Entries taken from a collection
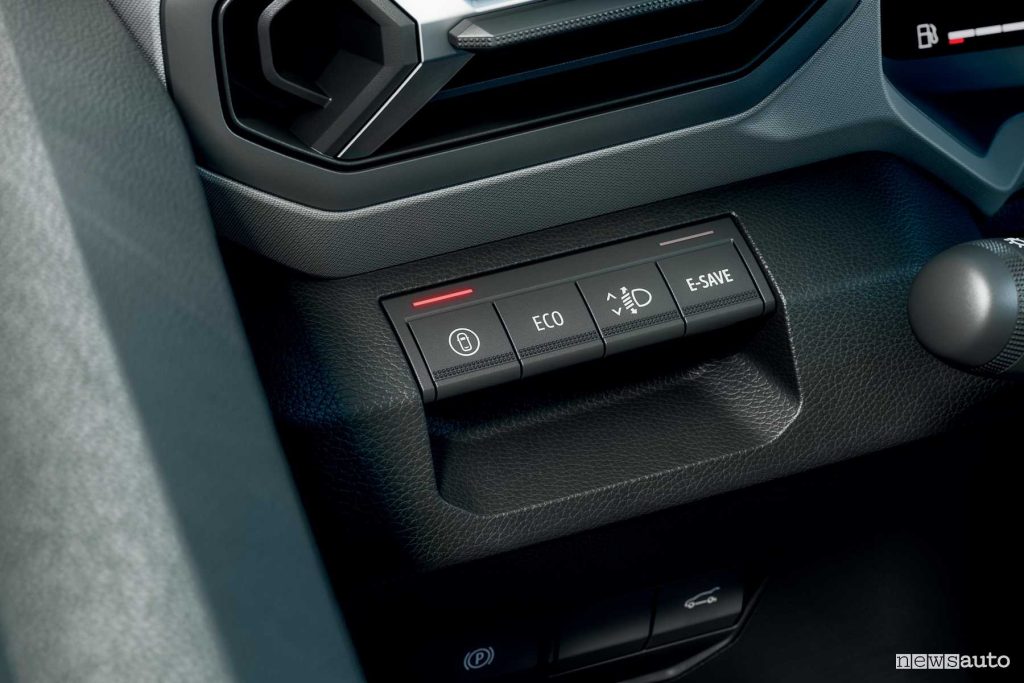 Pulsante “My Safety” comandi della Dacia Jogger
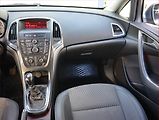 Opel Astra (2013) 1.7 CDTI, Serv.kniha, Xenony - náhled 8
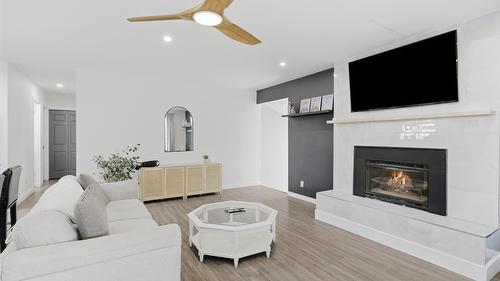 728 Driftwood Place, Kamloops, BC - Indoor Photo Showing Living Room With Fireplace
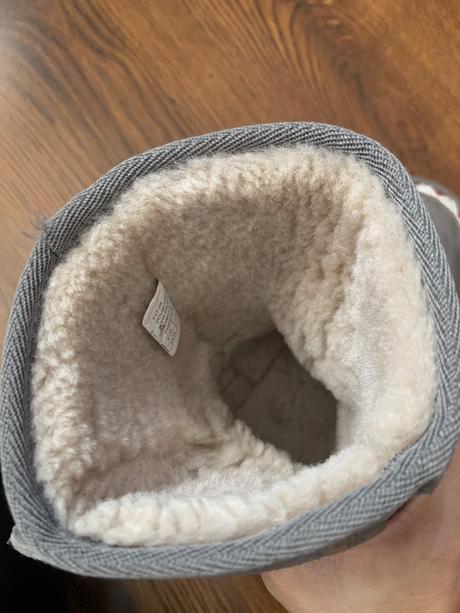 Emu australia shark 33/34, 34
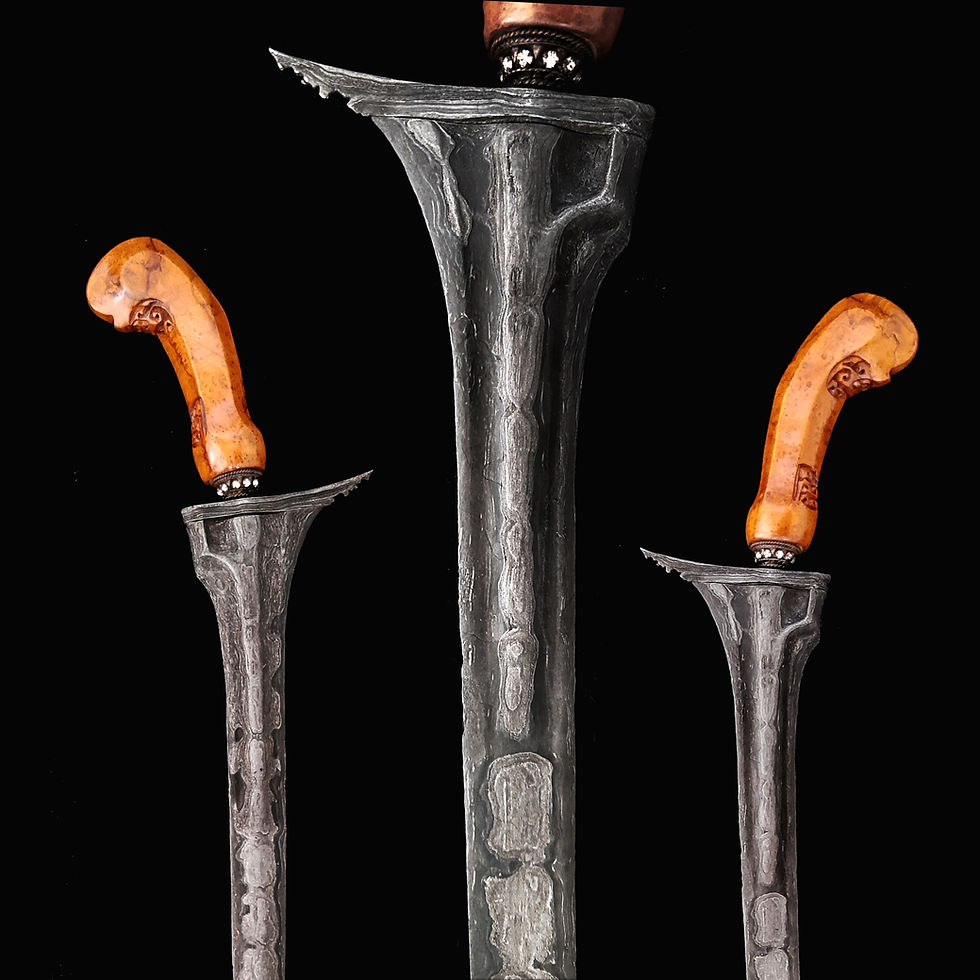 Thumbnail: Antique Jalak Tilam Sari Solo keris, kris - Paku buwono III (18th century)
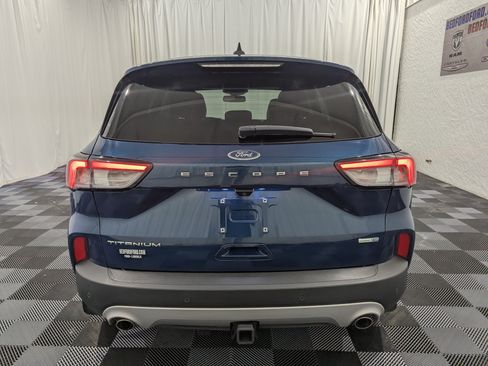 Used 2020 Ford Escape Titanium w/ Titanium Premium Package 2.0 AWD/4WD image 8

▶ **Exercise**
Reproduce each entry verbatim, excluding any embedded images.

▶ **Answer to the exercise**
 Pulsante “My Safety” comandi della Dacia Jogger
 Opel Astra (2013) 1.7 CDTI, Serv.kniha, Xenony - náhled 8
 728 Driftwood Place, Kamloops, BC - Indoor Photo Showing Living Room With Fireplace
 Emu australia shark 33/34, 34
 Thumbnail: Antique Jalak Tilam Sari Solo keris, kris - Paku buwono III (18th century)
 Used 2020 Ford Escape Titanium w/ Titanium Premium Package 2.0 AWD/4WD image 8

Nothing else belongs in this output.